Krane stopped short of blaming just one person, agency or group for the slow rollout and actually commended the Massachusetts Cannabis Control Commission for its forward-thinking regulatory structure, which includes opportunities for microbusinesses, craft cooperatives and social equity programs to right the past wrongs of the War on Drugs.

“For licensing structure alone, I think Massachusetts probably has the best of any adult-use state in the country,” he said.

The first two stores in Massachusetts were allowed to open on the same Tuesday in November. One of those stores, Cultivate, is in Leicester just off of Route 9.

That could have been planned better, joked Kay Doyle, a Cannabis Control Commission member.

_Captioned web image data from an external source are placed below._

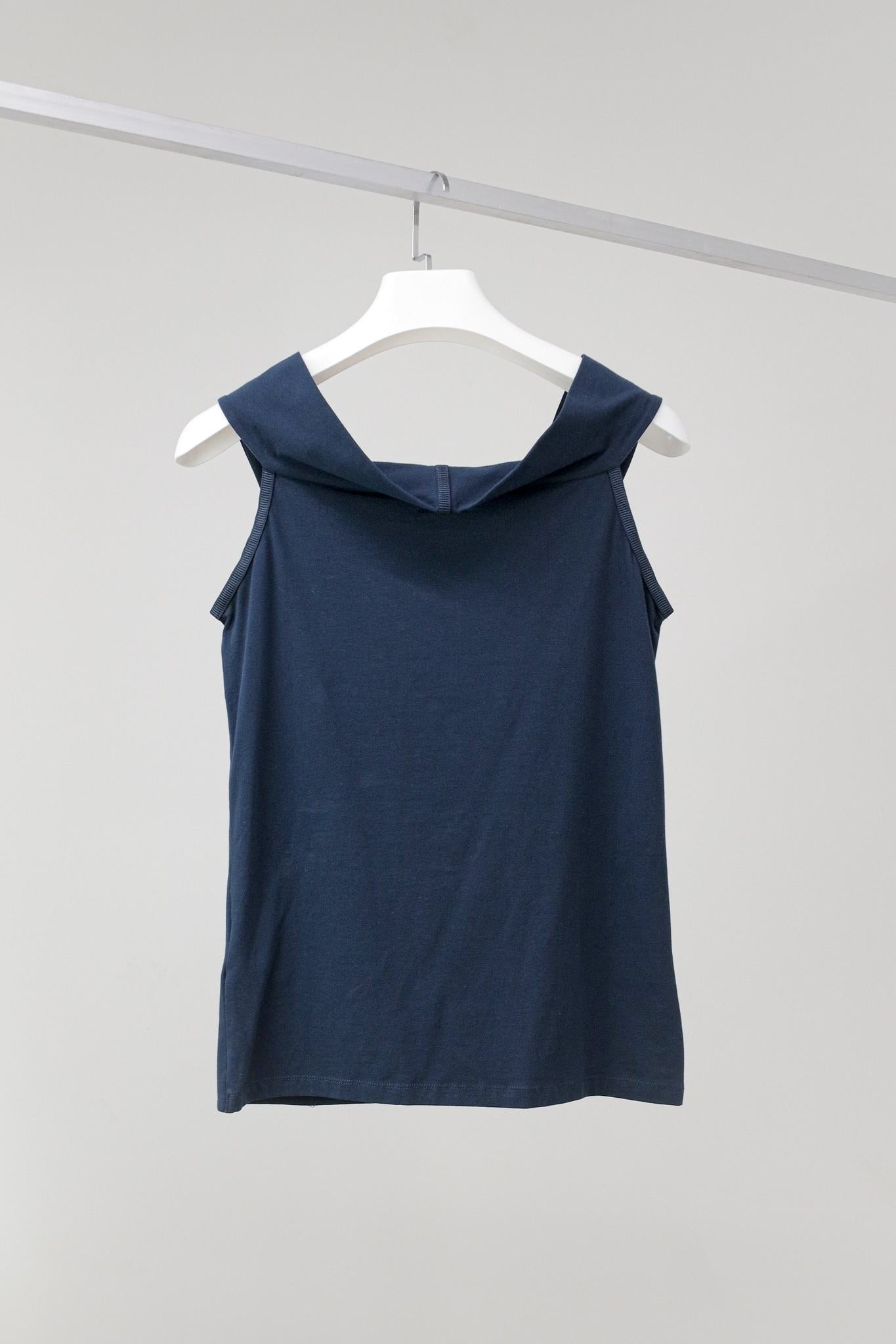 Annette Gortz Blue Sleeveless Scoop-neck Top
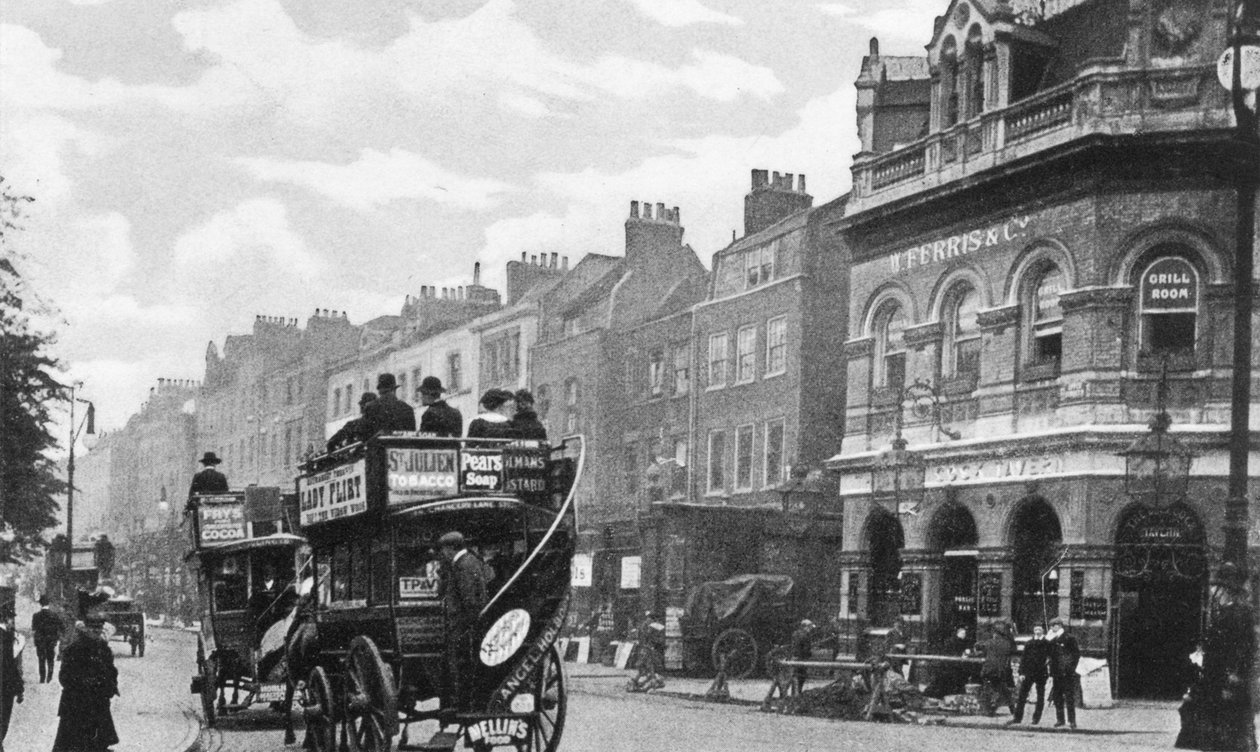The Cock Tavern, Highbury, ca 1900 av English Photographer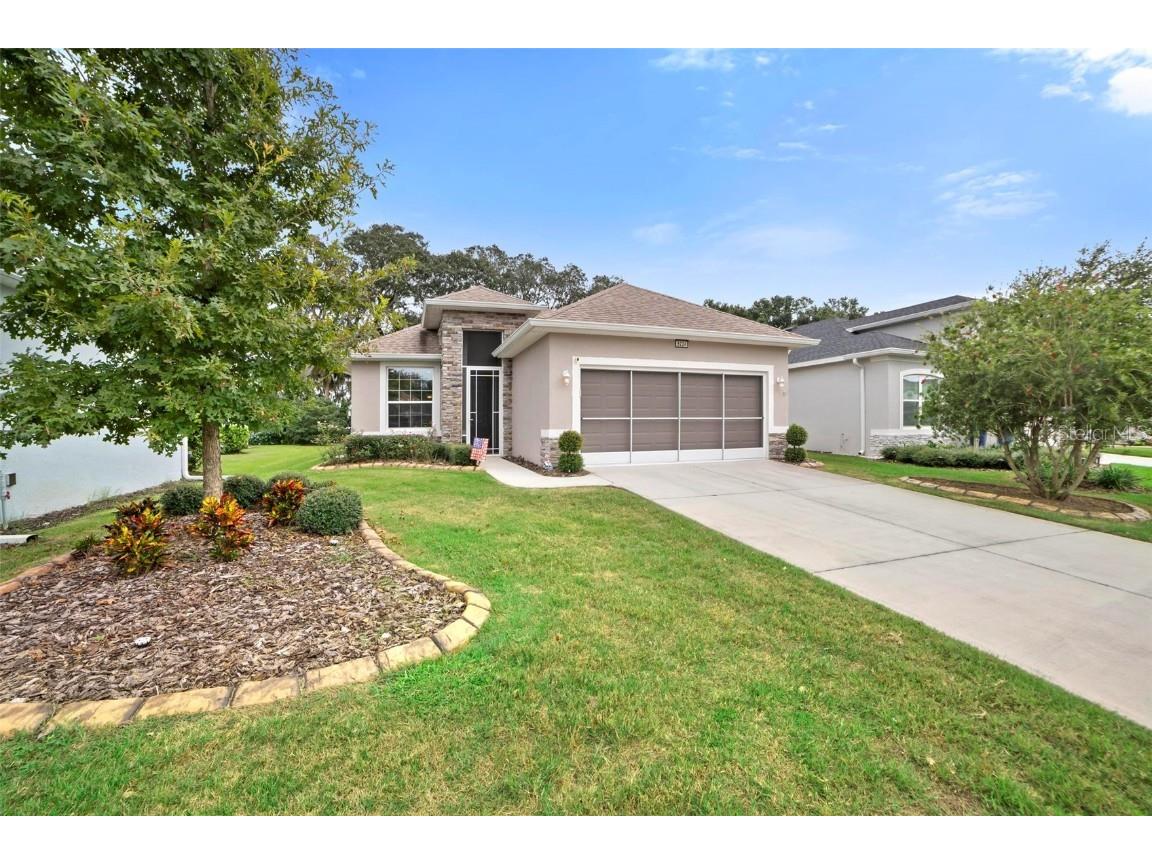 8224 Bridgeport Bay Circle Mount Dora FL 32757 - LAKES OF MOUNT DORA V4938797 image1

“If you’re going to do this ... don’t hand out the first license on the only road that accesses the local Walmart on the same week as Black Friday,” Doyle said.

For a few weeks, the small town struggled to keep up with the increased traffic and long lines outside of the dispensary located in a residential area.

According to Doyle, a regulatory expert who spent time with the state Department of Public Health and worked as primary counsel for the medical marijuana program, the adult-use program was meant to be a safe, equitable, innovative and environmentally friendly industry.

“That all adds up to sustainable opportunity,” she said. “We have to plan to make sure we don’t get in the way of business and do it in a way that allows it to grow in a way that still serves those fundamental principles.”

The state has lofty diversity goals, but the industry so far is dominated by white men. According to the CCC’s own data, 73.6% of the state’s marijuana workforce is white and 67% are men.

Of businesses with either provisional or final approval from the CCC, 12% are owned by someone who identifies as either a minority, woman, veteran, or a member of the LGBTQ community.

Bill Downing (center), a long-time legal marijuana advocate and owner of CBD Please in Framingham, chats with attendees at The Business of Cannabis events on June 11.

Startup costs for the cannabis industry can be prohibitive unless a firm has connections to deep-pocketed investors, but the CCC is hoping to open up the industry to a wide variety of business owners with social consumption and delivery businesses soon to come.

Per state law, municipalities not wanting cannabis businesses in town can vote to ban the industry, but cities and towns have to do the opposite to allow social consumption businesses in.

Doyle defended the CCC’s strict regulators around security, which can prove costly, but conceded some laws or regulations, like the social consumption part, will need to be tweaked as the industry grows into itself.

“We do need to fix that so people can get this going,” she said.